[Opening THE DATA section]
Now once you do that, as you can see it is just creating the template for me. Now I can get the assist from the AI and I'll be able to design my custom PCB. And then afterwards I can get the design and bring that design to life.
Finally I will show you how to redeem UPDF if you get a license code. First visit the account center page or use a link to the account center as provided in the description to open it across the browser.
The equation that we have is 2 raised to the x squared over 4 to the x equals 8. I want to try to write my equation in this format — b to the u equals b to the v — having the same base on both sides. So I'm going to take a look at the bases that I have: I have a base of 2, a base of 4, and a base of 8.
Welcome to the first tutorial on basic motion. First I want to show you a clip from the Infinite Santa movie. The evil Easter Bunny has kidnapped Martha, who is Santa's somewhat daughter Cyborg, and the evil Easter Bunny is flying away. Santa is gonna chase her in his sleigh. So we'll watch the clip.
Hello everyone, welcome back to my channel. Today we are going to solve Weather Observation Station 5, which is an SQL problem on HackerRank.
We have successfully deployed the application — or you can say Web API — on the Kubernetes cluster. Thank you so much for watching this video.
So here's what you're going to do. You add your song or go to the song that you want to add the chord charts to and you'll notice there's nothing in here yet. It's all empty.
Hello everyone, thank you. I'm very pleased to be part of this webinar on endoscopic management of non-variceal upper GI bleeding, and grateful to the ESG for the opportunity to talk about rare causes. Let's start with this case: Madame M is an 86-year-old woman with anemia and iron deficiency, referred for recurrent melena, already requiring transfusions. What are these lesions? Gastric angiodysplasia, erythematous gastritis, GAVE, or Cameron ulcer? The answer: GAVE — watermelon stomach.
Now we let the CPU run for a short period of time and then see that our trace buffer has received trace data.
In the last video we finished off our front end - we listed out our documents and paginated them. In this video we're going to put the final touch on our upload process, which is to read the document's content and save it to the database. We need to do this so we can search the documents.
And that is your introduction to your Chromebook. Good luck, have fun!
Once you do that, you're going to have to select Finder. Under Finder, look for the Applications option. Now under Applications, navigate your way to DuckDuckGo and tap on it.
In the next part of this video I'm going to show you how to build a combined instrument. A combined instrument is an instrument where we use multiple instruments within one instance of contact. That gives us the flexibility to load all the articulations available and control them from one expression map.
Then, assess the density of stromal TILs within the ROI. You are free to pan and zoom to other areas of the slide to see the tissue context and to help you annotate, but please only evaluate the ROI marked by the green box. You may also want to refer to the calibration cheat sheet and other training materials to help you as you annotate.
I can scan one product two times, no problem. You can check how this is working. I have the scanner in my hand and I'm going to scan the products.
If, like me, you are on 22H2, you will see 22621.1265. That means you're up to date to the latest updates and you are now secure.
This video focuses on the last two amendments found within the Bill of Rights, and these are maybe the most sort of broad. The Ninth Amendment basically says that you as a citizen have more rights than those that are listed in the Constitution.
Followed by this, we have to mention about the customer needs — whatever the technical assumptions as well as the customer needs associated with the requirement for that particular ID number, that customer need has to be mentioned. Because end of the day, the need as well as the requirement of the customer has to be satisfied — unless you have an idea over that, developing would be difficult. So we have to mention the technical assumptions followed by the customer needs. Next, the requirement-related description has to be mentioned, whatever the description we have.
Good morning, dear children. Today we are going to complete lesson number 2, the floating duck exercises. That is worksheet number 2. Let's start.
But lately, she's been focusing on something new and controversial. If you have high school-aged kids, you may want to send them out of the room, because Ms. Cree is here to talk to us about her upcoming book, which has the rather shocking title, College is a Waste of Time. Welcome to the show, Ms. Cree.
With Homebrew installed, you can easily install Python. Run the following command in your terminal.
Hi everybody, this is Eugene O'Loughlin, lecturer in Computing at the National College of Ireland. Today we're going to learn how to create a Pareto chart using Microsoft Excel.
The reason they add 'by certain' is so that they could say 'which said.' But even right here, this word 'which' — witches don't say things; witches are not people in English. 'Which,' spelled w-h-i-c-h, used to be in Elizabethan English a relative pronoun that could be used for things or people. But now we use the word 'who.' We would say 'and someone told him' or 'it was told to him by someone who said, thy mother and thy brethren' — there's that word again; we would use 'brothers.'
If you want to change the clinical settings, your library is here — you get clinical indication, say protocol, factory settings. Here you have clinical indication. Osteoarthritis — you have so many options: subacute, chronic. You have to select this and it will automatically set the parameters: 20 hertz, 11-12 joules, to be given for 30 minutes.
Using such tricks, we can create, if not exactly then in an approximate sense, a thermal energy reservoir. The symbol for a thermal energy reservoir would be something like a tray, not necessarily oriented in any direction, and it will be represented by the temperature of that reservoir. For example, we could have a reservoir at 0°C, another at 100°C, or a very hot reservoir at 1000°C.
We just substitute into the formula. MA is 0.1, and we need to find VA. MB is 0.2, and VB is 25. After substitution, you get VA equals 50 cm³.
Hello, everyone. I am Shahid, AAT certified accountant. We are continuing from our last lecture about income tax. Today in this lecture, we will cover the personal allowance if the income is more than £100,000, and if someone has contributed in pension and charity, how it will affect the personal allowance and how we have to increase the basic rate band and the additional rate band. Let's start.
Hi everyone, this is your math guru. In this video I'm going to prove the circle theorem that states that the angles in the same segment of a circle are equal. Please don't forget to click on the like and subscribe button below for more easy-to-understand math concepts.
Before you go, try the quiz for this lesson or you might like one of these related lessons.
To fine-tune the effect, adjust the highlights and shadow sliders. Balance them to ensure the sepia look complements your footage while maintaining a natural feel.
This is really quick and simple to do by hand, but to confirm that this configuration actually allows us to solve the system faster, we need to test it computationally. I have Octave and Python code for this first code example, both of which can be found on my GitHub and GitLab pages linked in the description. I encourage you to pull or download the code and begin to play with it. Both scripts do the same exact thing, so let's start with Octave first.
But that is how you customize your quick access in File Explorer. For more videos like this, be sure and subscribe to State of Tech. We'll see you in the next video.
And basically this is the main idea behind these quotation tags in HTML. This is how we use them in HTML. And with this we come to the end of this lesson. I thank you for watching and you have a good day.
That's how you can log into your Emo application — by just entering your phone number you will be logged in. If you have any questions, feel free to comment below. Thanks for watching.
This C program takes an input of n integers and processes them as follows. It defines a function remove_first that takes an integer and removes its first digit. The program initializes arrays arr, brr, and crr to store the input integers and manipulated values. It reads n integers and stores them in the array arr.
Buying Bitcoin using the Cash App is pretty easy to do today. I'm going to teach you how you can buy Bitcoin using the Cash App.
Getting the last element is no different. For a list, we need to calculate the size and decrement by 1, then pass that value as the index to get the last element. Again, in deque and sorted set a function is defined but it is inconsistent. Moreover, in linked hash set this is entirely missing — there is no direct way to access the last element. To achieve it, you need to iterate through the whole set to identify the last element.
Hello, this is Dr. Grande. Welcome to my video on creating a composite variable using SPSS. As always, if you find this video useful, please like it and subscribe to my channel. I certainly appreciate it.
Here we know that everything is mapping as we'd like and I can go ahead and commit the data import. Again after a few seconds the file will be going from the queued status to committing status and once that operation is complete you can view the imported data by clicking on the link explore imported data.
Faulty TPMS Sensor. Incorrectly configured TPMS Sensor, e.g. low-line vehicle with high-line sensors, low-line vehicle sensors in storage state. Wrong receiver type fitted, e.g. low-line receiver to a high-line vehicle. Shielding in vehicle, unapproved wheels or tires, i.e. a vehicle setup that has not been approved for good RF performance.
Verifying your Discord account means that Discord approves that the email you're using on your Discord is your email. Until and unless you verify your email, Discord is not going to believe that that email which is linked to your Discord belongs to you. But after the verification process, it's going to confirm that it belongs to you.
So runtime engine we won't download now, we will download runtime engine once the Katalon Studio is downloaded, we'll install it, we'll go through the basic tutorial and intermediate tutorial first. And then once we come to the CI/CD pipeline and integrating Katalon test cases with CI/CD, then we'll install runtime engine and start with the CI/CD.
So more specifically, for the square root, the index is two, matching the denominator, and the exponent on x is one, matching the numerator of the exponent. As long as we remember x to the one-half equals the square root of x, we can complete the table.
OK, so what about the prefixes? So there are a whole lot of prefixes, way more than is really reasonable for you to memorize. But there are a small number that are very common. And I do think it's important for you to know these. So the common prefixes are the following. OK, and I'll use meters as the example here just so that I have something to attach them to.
[Closing THE DATA section]
TASK GOAL:
Every line from the line containing "This video focuses" through the line containing "The reason they" in the records above must be retyped exactly. Leave out the rest.

ANSWER TO THIS TASK:
This video focuses on the last two amendments found within the Bill of Rights, and these are maybe the most sort of broad. The Ninth Amendment basically says that you as a citizen have more rights than those that are listed in the Constitution.
Followed by this, we have to mention about the customer needs — whatever the technical assumptions as well as the customer needs associated with the requirement for that particular ID number, that customer need has to be mentioned. Because end of the day, the need as well as the requirement of the customer has to be satisfied — unless you have an idea over that, developing would be difficult. So we have to mention the technical assumptions followed by the customer needs. Next, the requirement-related description has to be mentioned, whatever the description we have.
Good morning, dear children. Today we are going to complete lesson number 2, the floating duck exercises. That is worksheet number 2. Let's start.
But lately, she's been focusing on something new and controversial. If you have high school-aged kids, you may want to send them out of the room, because Ms. Cree is here to talk to us about her upcoming book, which has the rather shocking title, College is a Waste of Time. Welcome to the show, Ms. Cree.
With Homebrew installed, you can easily install Python. Run the following command in your terminal.
Hi everybody, this is Eugene O'Loughlin, lecturer in Computing at the National College of Ireland. Today we're going to learn how to create a Pareto chart using Microsoft Excel.
The reason they add 'by certain' is so that they could say 'which said.' But even right here, this word 'which' — witches don't say things; witches are not people in English. 'Which,' spelled w-h-i-c-h, used to be in Elizabethan English a relative pronoun that could be used for things or people. But now we use the word 'who.' We would say 'and someone told him' or 'it was told to him by someone who said, thy mother and thy brethren' — there's that word again; we would use 'brothers.'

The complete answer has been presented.